Somewhere beyond the sea

Grant Bather

June 17, 2006

Every Englishman’s home is his castle and over the last few years, the entire nation has been fascinated by the rising (or falling) cost of their property. This has spawned a nation of property speculators all eager to make money through property. However, with the cost of the average UK home skyrocketing, many property investors are looking abroad.

So, what should you recommend when they ask you where they should be buying? Firstly, we suggest that you ascertain exactly what their financial goals are. Are they purchasing a property as an investment or as a holiday home? Do they want the opportunity to visit it every other weekend or are they happy to never even see it? What is their risk profile? How much do they want to invest? Once all these questions have been answered, it should be much simpler to recommend the type of investment they should be looking at.

Where to invest?

But the question remains – what country should they be purchasing in? The recently launched Prestige Group International Hotspots Index is a good guide for investors interested in purchasing property abroad with the top five destinations as follows:

Warsaw (Poland)

Poland has seen huge economic growth over the last few years and its capital, Warsaw, has benefited greatly from this boom. This city has some exceptional opportunities at the high end of the market and with the economy looking to continue to prosper, serious property investors should be considering this city. Other advantages that Poland offers are a relatively uncomplicated legal system, availability of 80 per cent financing and low stamp duty charges.

Florida (USA)

The United States has long been a favourite of property investors – offering market stability coupled with strong capital appreciation and the security of operating in an English speaking market. All these factors, as well as a weakening dollar, have seen Florida rise to second place in the International Hotspots Index. However, the market is slowing as it cannot maintain such strong appreciation levels in the longer term. Therefore, investors should make sure they are happy their investment could ride a period of low appreciation and still offer positive returns.

Cape Verde

This collection of islands, located just off the coast of Senegal, is a relatively new market with good potential as a major year-round tourist destination. In addition, it boasts low property costs (£96 average price per square foot) and local agents cite strong rental yields.

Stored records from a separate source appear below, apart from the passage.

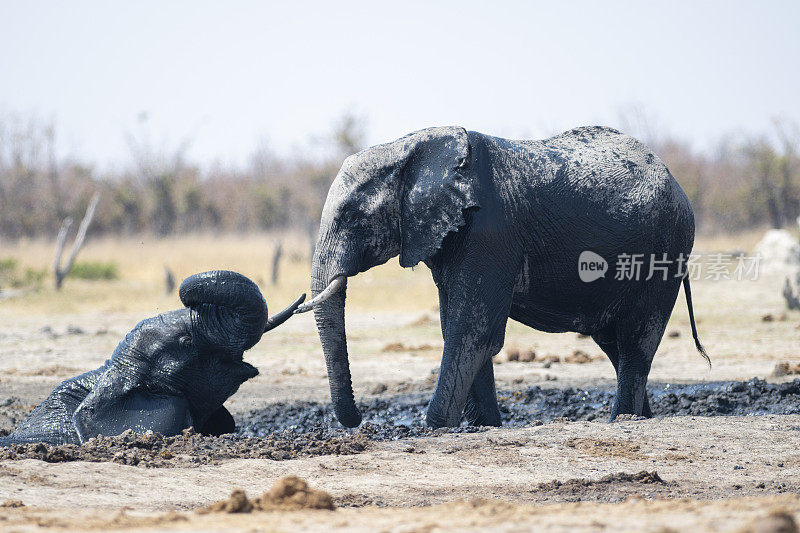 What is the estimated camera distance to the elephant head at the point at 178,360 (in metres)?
6.30

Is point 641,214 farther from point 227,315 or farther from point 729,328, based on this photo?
point 729,328

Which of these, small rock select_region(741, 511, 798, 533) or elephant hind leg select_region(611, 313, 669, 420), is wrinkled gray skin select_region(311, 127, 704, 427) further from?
small rock select_region(741, 511, 798, 533)

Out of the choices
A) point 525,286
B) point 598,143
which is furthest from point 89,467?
point 598,143

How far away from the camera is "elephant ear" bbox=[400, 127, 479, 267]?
6.62 metres

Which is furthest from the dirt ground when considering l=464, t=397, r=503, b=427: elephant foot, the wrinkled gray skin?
the wrinkled gray skin

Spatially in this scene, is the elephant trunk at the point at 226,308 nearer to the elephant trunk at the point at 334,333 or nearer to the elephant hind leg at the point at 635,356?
the elephant trunk at the point at 334,333

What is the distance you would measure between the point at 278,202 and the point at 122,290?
76.0 feet

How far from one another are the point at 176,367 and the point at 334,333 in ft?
3.70

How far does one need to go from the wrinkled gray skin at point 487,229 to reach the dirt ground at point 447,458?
730mm

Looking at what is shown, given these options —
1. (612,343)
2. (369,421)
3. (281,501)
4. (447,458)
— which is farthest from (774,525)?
(369,421)

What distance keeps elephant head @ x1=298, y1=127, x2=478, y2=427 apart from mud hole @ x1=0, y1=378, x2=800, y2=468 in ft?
2.19

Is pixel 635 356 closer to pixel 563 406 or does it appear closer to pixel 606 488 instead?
pixel 563 406

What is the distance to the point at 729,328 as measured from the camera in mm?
15328

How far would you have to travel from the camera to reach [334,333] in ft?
22.5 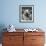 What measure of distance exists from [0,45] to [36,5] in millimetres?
1685

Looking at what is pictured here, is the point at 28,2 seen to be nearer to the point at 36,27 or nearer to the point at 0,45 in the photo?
the point at 36,27

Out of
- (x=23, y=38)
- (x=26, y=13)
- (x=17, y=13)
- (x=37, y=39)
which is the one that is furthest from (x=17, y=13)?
(x=37, y=39)

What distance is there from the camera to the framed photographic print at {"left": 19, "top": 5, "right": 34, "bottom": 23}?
13.4ft

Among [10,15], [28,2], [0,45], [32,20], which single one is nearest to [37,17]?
[32,20]

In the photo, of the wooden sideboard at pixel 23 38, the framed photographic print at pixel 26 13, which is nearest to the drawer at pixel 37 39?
the wooden sideboard at pixel 23 38

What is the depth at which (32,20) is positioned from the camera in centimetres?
411

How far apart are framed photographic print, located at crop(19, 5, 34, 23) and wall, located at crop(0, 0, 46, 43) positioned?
96 millimetres

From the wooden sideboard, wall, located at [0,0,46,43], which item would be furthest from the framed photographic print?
the wooden sideboard

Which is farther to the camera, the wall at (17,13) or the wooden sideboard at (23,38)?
the wall at (17,13)

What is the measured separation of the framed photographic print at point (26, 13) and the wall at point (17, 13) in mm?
96

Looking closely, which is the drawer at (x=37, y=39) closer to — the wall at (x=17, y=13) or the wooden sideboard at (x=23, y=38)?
the wooden sideboard at (x=23, y=38)

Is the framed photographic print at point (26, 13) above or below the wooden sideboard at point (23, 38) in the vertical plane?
above

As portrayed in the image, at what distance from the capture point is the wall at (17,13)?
13.4 feet

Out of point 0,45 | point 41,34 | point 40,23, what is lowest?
point 0,45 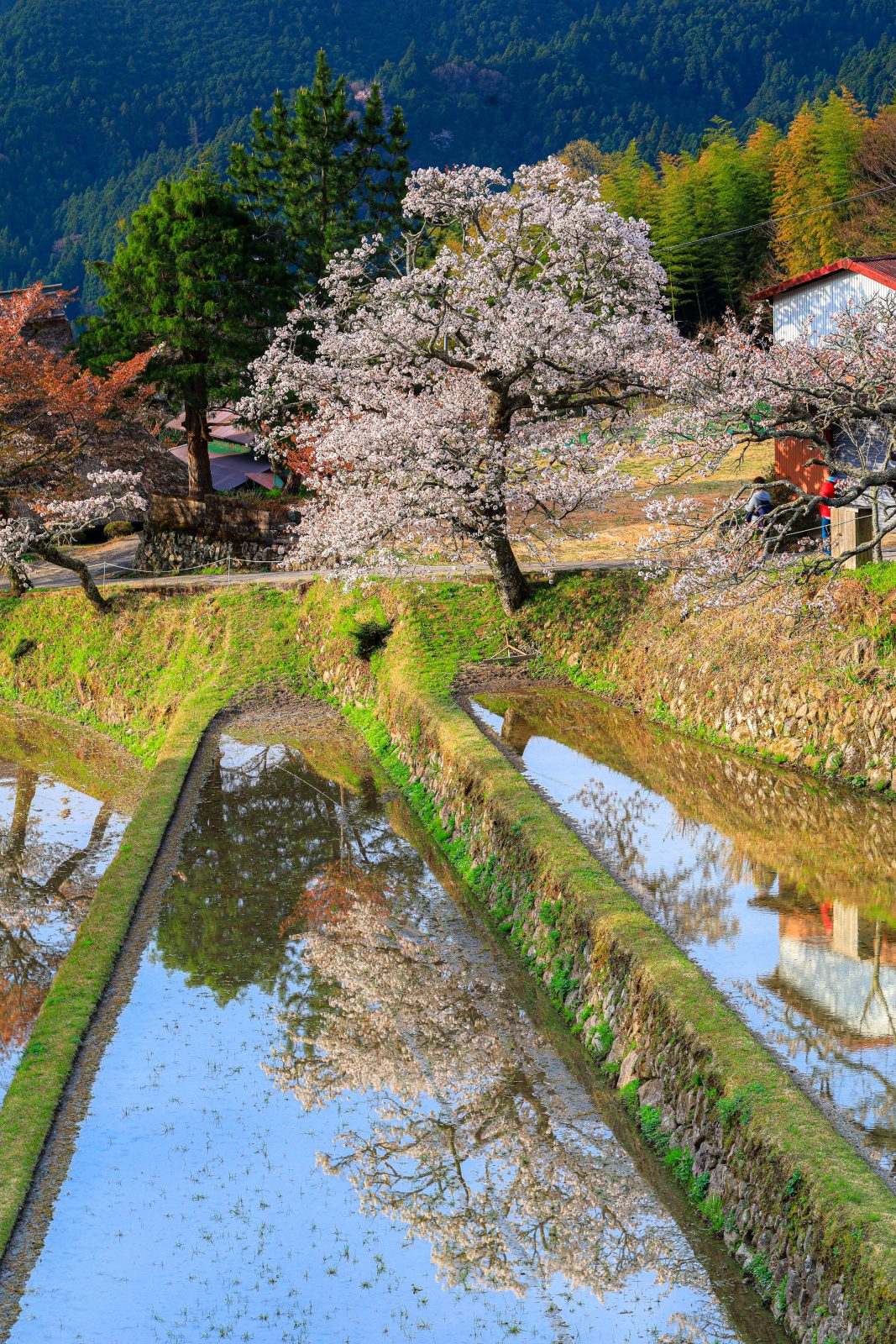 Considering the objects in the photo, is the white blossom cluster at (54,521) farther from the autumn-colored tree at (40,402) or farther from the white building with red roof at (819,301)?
the white building with red roof at (819,301)

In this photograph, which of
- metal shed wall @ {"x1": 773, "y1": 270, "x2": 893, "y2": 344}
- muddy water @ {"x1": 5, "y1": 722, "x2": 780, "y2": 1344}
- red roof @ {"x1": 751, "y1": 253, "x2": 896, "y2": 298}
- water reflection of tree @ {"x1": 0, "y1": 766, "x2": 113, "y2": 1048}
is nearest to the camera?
muddy water @ {"x1": 5, "y1": 722, "x2": 780, "y2": 1344}

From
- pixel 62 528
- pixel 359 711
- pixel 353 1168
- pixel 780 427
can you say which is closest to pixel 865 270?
pixel 780 427

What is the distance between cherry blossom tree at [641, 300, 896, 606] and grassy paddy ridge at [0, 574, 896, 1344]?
427 centimetres

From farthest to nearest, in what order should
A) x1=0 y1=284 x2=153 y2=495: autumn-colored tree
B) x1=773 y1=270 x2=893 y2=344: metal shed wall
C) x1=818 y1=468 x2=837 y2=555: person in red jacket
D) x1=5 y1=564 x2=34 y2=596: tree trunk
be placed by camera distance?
x1=5 y1=564 x2=34 y2=596: tree trunk
x1=0 y1=284 x2=153 y2=495: autumn-colored tree
x1=773 y1=270 x2=893 y2=344: metal shed wall
x1=818 y1=468 x2=837 y2=555: person in red jacket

However, some of the islands have sanitation and energy supply issues, financing can be difficult to obtain and the legal system is complex. Despite this, the country should offer excellent returns in future and is one to watch.

Western Algarve (Portugal)

While Central Algarve has been a Mecca for investors for some years now, the Western Algarve is just starting to be noticed. It offers all the charm of the region but at substantially lower prices (two-bedroom villa with pool – Western Algarve: £275,000 compared to Central Algarve: £500,000) with fewer large developments. Although the stamp duty is relatively high, this region also boasts an uncomplicated legal system, low mortgage rates (3.4 per cent) and 80 per cent financing. The Western Algarve is ideal for sophisticated investors looking to see strong capital returns.

Sofia (Bulgaria)

Much of Central Eastern Europe provides high appreciation with good rental yields and Sofia – the capital of Bulgaria – is no different. This city also offers significantly low property values (£86 per square foot), which are likely to rise if and when Bulgaria joins the EU. However, the legal system is relatively complex so we recommend that investors looking to purchase in Sofia consult a local expert before making any decisions.


The Index also suggests that investors should consider Budapest (6) and watch Dublin (7), Cape Town (8) and Dubai (9). However, it recommends you don’t currently buy in the Spanish Costas as the market is overheating due to excessive development and legal issues. Finally, the Hot Spot Index tips Brazil as the ‘emerging emerging market’.

Overseas property investment is naturally more difficult and carries more risk than investing in the town or even road that a landlord lives in. However, these factors can be managed if, instead of simply focusing on the price of property and potential capital appreciation, factors such as the ease of financing, legal system and countries stability are considered.

If your clients are interested in investing in foreign property, you need to suggest they take their time, look past the hype, do their research and if possible use a company active in the market they are interested in. There are major returns available in the overseas residential market but investors need to exercise the same amount of care they would with any other investment.